On a formal level, in Library of Babel, a Symbiont Induction, a spiral staircase makes up the vertical backbone of an infinite library, which complements the mechanics of hypnotic inductions that sometimes rely on architectural conceits, particularly the staircase, to induce a deepening hypnotic state. In this case, steps are used to help count down from 10 to 1 as a relaxation technique.
One could imagine the spiral fragment being part of a much longer staircase ascending upwards or downwards infinitely as in Borges's story, or at the same time its form perhaps becomes the visual cue for a double helix with its almost unlimited combination of DNA strand letters A, C, G, and T, representing the four nucleotide bases as they are amalgamated, just as the 25 characters were recombined in all possible ways in book after book in Borges's "The Library of Babel."
This reduction of literature to code, or nothing more than a series of letters, was described in the story, as a book that the narrator's father had once seen with the letters M, C, and V "repeated from the first line to the last." As the narrator later suggests, implying a kind of underlying universal information behind words, almost akin to the DNA behind life forms: "Others have mentioned the possibility of codes; that conjecture has been universally accepted, though not in the sense that its originators formulated it."
Just as code is a device that models information, so there is a relationship between architecture and mental structures. As far back as the writings of Cicero, the idea of architecture and the mind has long been linked in Western culture by means of the mnemonic practice of "memory palaces"' or the method of loci, in which a list of objects is committed to memory and easily retrieved through its sequential association with rooms in a building or landmarks in a city. This is another reason why an architectural feature has been used in this installation. Stairs, of course, extend the range of memory and experience to different floors or planes of consciousness. It's important when making a link between consciousness and fungi to remember that mind is embedded in life, rather than an outside observer of it. When thinking about the brain with its billions of neural pathways, one can't help drawing some kind of analogy to the threadlike connections made by underground mycorrhizal fungi that act almost like a vast communications network, which mycologist Paul Stamets called "nature's Internet."
The fungaria included in the installation are reishi, the fruiting body of which has a step-like form and have been used for thousands of years as a medicine in China, where they are called lingzhi.

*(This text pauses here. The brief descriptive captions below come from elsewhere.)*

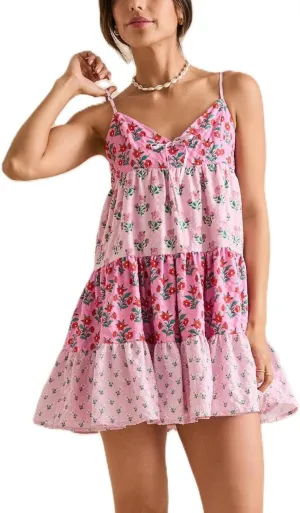 Women Y2k Floral Mini Dress Boho Spaghetti Strap Short Ruffle Dress Summer Tiered Beach Vacation Sundress
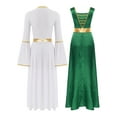 thumbnail image 4 of renvena Robe de Danse pour Femmes Croix Dorée avec Costume de Prière Tenue de Danse Vert&Blanc TG, 4 of 7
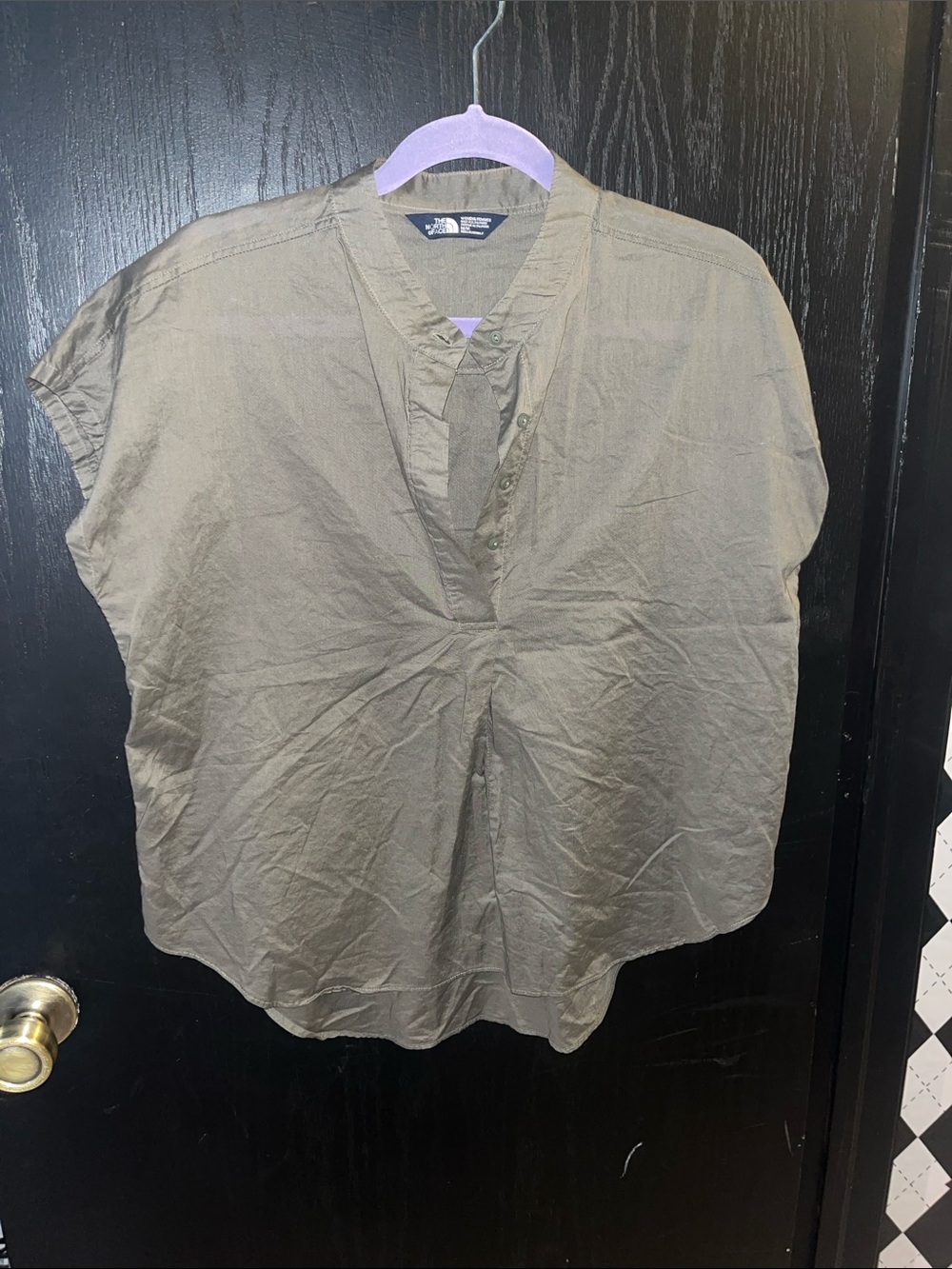 The North Face Olive Green Short Sleeve Henley Tunic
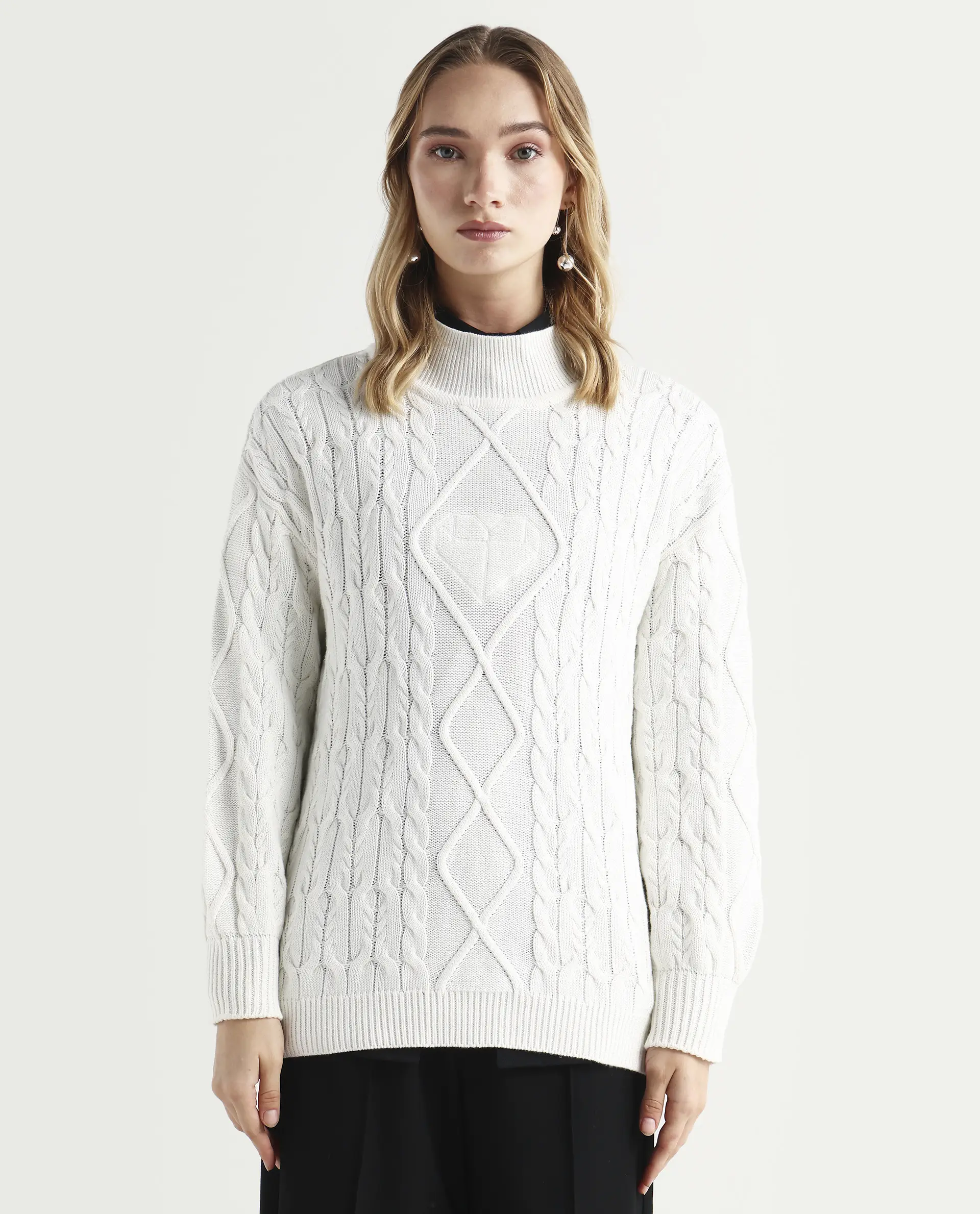Rareism Women's Allen Off White Cotton Turtle Neck Plain Regular Fit Sweater - Image 3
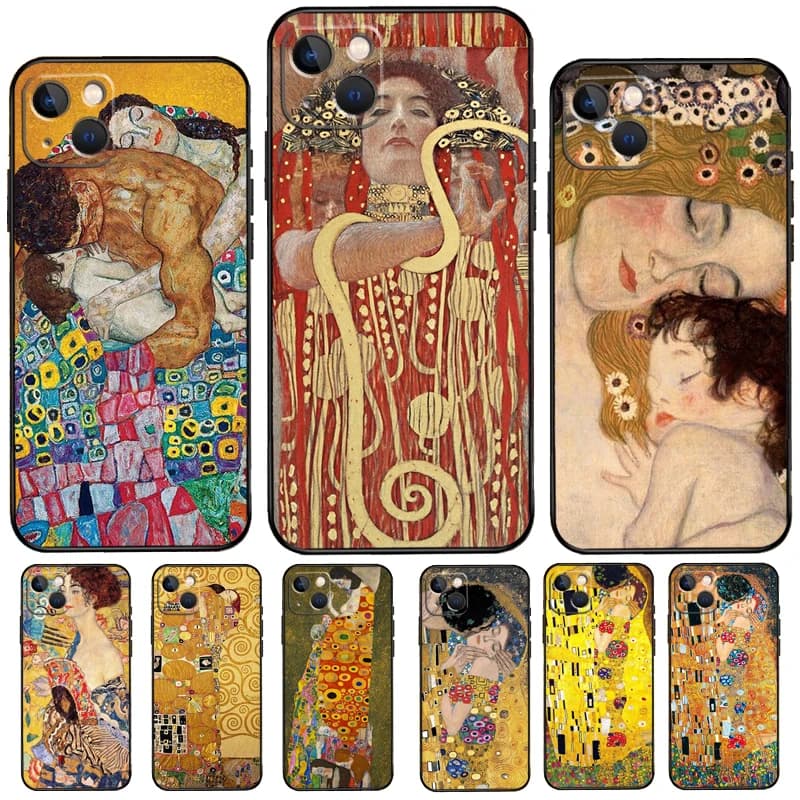 The Kiss Gustav Klimt Painting Silicone Case For iPhone 13 11 14 12 Pro Max X XR XS Max 6 7 8 Plus SE2 13 Mini Soft Cover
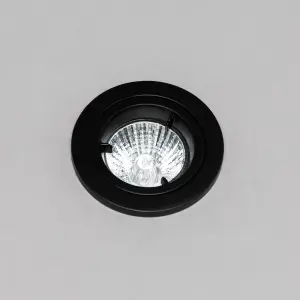 Litecraft 2 Pack Black Modern IP20 Fire Rated Fixed Downlights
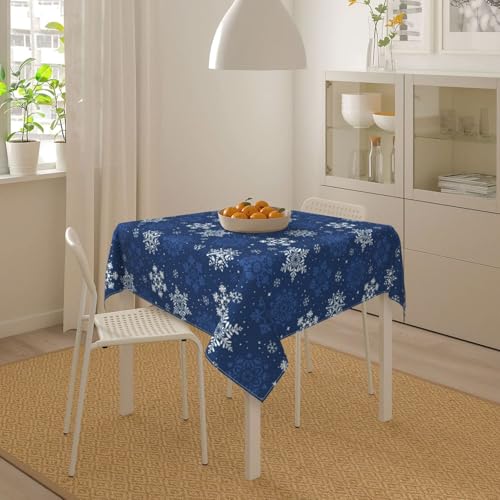 BYONEESS Dark Blue Snowflake Square Winter Tablecloth 54x54 Inches Christmas Holiday Decor
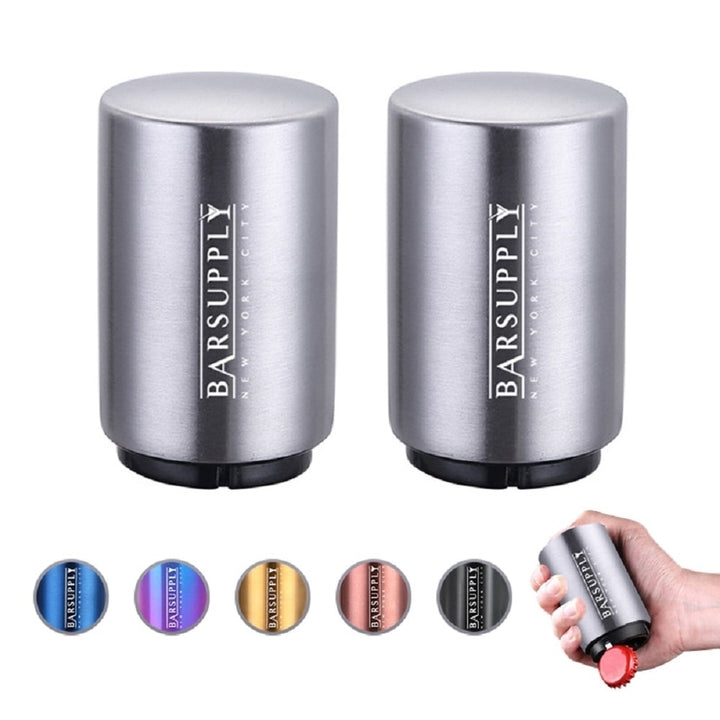 2-Pack Beer Bottle Opener - Push Down and Pop Off Bottle Opener - Automatic Beer Top Popper - Magnetic Cap Catcher - Image 1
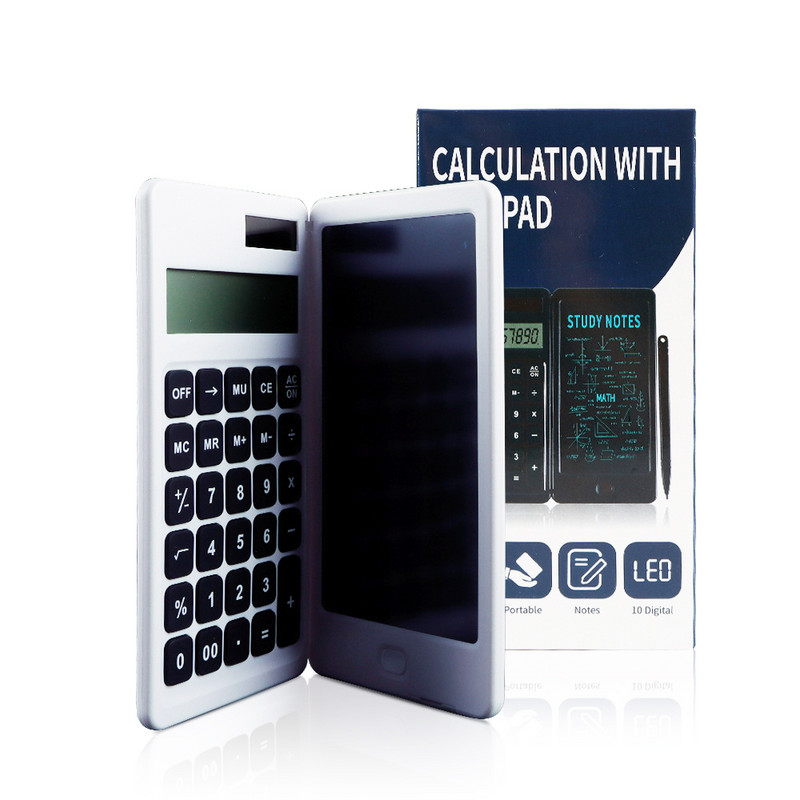 10 ciparu salokāms kalkulators ar LCD rokraksta dēli Pārnēsājami kalkulatori ar irbuļa pildspalvas dzēšanas pogas bloķēšanas funkciju Uzziniet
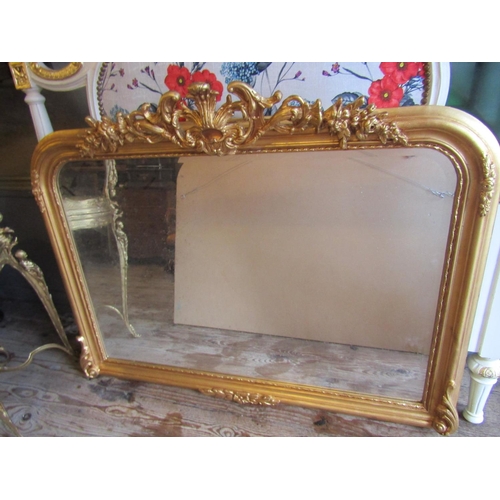 153 - Gilded Rectangular Form Wall Mirror or Over Mantle with Upper Cartouche Decoration 4ft 8 Inches Wide... 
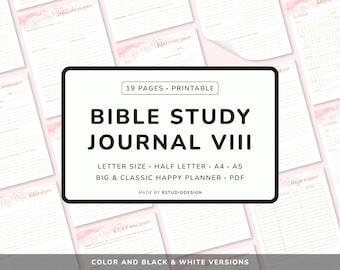 Bible Study - Planner Printable, Prayer Journal, Christian Planner, Bible Study Journal, Bible Journal, Half, A5, A4, Letter, Happy Planner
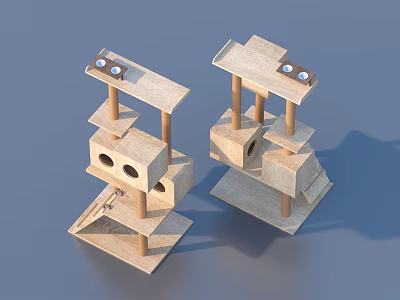 Wooden Multi Level Pet Activity Tower With Platforms Holes And Dishes 3d model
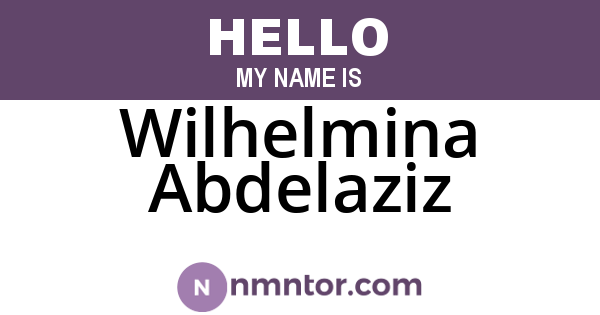 Wilhelmina Abdelaziz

When ingested, it is traditionally held that these fungi embed themselves in our mental processes, on the level of 'Shen,' breaking down repetitive behavioral and thought patterns.
In Borges's "The Library of Babel," he mentions a "circular chamber containing an enormous book with a continuous spine that goes completely around the walls." This, he claimed, was revealed in ecstasies to "the mystics." What could be more similar to the underside lamellae of a fully fruiting mushroom, where information and biological processes come to a crescendo, and millions of spores are released to generate new life forms? Of course, it doesn't take much of a leap to consider fungi as vehicles for spiritual or shamanic revelation throughout the ages, as well as healing tools that have been used off and on since the 1950s in parallel with LSD to help with PTSD and chronic depression and which are discussed at length in Michael Pollan's book, How to Change your Mind.
On the surrounding walls, acoustic tiles in the shape of spiral steps, with 12 treads as a nod to the passage of time and circadian rhythms, have been created from mycelial networks. In part, this is to enhance the ambient sound design of the space, but also, it's a nod to the discovery by scientists such as Dr. Monica Gagliano that through a process called bioacoustics, plants and fungi use acoustic mechanisms to hunt for water sources, as well as to listen out for encroaching roots and communicate in general.
We have even reversed the sense of what an acoustic tile is: instead of using it to merely absorb sound, we have been using it as a source from which to record microscopic sounds emanating from the mycelial roots as they grow into the tile molds. The tiles become two-way, in a kind of auditory question-response process.
Another aspect of the tiles being made out of, or rather grown from fungi is a way of reinforcing the idea that mutualism with the world of fungi doesn't just stop at a biological, nutritional, medicinal or mental level, but can also weave its way into our processes of production and attenuate the sickening load that plastics-based consumerism and its resultant pollution has on our planet.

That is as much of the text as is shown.